The young star cluster NGC 6611 resides in the Eagle Nebula (M16). It is also the site for a fascinating stellar birth region named the Pillars of Creation and located in the southern part of the nebula.
The new composite image shows the area around the Pillars, some 5700 light years distant from us. The image combines the X-ray data from the NASA Chandra Observatory and optical information from the Hubble Space Telescope. Optical vision is mined with filters to emphasize interstellar gas and dust, and features a dusty brown nebula immersed in a blue-green haze. Also noticeable are a few stars (pink dots). Chandra data displays x-rays from hot external star atmospheres (red, green, and blue).

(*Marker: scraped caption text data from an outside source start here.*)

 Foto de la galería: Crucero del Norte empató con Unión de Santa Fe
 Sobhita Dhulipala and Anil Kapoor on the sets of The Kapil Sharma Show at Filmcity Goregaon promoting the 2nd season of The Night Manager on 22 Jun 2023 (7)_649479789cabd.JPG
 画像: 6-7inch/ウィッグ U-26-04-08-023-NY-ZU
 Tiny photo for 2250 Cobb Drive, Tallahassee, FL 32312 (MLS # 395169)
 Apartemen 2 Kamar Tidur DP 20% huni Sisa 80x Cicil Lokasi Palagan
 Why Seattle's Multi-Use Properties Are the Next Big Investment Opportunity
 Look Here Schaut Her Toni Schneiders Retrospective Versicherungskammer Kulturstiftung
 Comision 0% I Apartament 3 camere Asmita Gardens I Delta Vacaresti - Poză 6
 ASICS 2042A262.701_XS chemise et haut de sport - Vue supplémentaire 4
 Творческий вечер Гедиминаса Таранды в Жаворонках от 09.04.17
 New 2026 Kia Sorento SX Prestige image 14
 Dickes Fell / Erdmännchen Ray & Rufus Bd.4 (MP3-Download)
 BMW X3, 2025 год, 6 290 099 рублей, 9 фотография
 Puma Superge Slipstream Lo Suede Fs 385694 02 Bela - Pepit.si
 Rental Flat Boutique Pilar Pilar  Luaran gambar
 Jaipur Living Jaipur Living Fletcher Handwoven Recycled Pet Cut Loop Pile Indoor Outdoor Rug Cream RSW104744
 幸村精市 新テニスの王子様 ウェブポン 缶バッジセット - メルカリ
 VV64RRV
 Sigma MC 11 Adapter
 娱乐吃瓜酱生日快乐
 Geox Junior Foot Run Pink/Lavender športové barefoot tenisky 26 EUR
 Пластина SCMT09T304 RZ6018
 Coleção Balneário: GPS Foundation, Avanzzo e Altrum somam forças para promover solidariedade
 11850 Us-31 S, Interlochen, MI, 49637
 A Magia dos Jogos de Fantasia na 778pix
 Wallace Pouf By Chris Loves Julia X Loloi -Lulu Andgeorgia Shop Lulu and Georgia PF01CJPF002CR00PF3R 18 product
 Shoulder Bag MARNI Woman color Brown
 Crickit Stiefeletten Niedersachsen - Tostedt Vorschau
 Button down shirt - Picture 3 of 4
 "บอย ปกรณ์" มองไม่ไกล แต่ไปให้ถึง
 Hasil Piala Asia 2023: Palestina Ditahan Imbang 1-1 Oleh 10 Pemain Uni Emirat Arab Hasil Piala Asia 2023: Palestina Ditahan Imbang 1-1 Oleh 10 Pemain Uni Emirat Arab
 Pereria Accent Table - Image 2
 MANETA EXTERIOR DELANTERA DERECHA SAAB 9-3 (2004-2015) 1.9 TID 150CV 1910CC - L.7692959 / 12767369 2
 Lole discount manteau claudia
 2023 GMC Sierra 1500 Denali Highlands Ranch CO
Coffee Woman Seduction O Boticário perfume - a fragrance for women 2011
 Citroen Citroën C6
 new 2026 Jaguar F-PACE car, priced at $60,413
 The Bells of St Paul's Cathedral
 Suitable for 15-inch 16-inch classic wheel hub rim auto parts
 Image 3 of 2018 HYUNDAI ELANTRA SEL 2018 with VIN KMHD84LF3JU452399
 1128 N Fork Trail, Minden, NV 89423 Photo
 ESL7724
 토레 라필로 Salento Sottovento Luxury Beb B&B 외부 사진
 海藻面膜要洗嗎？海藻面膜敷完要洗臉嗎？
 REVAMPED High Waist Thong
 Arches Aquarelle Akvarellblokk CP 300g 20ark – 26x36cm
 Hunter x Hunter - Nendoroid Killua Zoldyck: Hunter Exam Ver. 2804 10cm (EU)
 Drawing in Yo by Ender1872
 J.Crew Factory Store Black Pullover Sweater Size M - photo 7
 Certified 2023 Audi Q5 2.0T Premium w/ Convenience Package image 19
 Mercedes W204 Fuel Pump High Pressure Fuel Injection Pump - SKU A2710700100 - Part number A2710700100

With the help of Chandra, scientists were able to find more than 1,700 individual X-ray sources in the Eagle nebula. Optical and IR identifiers with stars were used to screen out random violators in the foreground or background. In addition, it allowed to determine that more than 2/3 of the sources are young stars from the NGC 6611 cluster. Chandra has the unique ability to resolve and detect sources of X-rays, which made it possible to identify hundreds of young stars and those that are in the process of formation (protostars). Infrared observations from the Spitzer Space Telescope show that 219 X-ray sources in the Eagle Nebula are young stars surrounded by dust and gas disks, and 964 are young stars that are devoid of these disks.
Also, the analysis showed that the activity of young stars with disks is several times less intense than that of their colleagues without disks. Most likely, this is due to the contact of the disk and the magnetic field of the star. An X-ray absorption analysis shows that almost all sources belong to the Eagle Nebula, not the Pillars of Creation.